Can't say for sure what conditions cause such behaviour: often it happens with large csv files (over 1mln lines) that are rewritten on a daily basis and it happens in all Splunk versions.
This time I managed to save search logs to the same query when lookup worked incorrectly and when it worked ok (after its rewriting).
Comparison of these two files showed that they are mainly identical except several lines.
In "good" log file there is an entry, that misses in "bad" log:
INFO CMBucketId CMIndexId: New indexName=main inserted, mapping to id=1
Also in good log:
INFO DispatchThread SrchOptMetrics optimize_toJson=1
While in bad:
INFO DispatchThread SrchOptMetrics optimize_toJson=2
Excel with comparison is attached
Hope for your help, guys!
The lookup file that's being updated daily, try to move it to etc/system/lookups instead of etc/apps/some_app/lookups. My bet is on knowledge bundle replication issue as it's a large lookup.
Thanks for your suggestion. But does knowlegde bundle replication applicable if we have one-machine installation?
When you say "rewritten" on a daily basis, what, exactly do you mean? There is a time lag during propagation. Is it possible that the lookup file was updated during or shortly before the search that is in error?

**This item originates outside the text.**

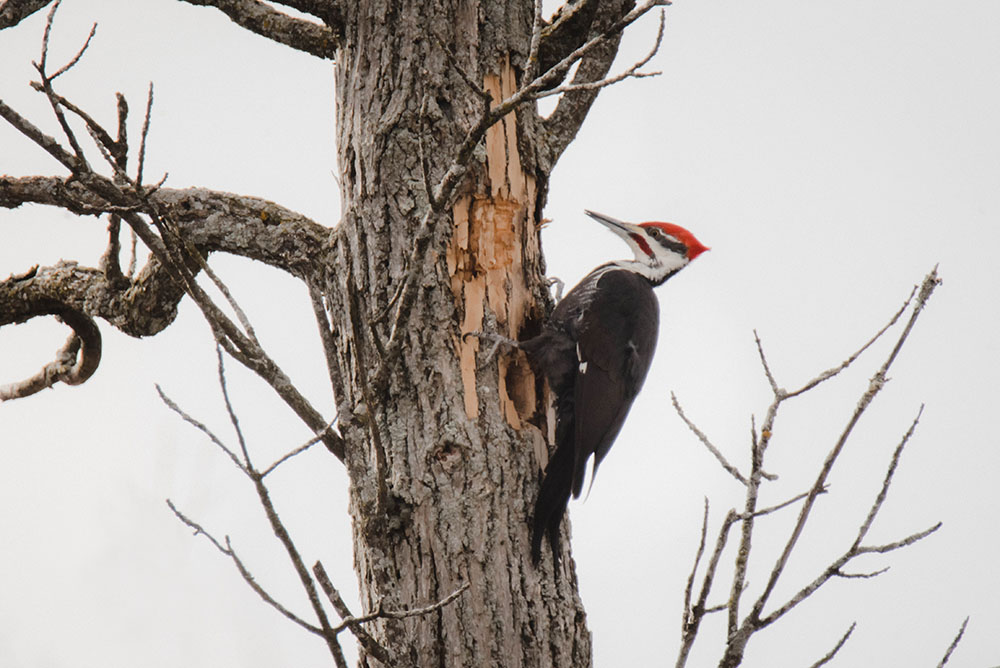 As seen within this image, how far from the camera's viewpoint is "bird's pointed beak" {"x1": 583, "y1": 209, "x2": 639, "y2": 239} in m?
3.82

It seems to me that there was a technique for shipping the lookup under a different name and then renaming it to put it in place "instantaneously". I'll have to review and see if I can find the description.
I mean that the same search is executed every day and results rewrite csv file.
Resulting csv looks consistent and is searchable but somehow it isn't lookuped correctly.
Speaking about error do you mean error in search that creates this lookup? Then no errors. If you mean errors in other searches that could appear while "csv-writing-search" was running - _internal index didn't show anything critical in that period either.
at what time does the lookup get rewritten? At what time do the searches run that are getting erroneous results?
Lookup is rewritten early in the morning and last time we got erroneous results when used it in the evening.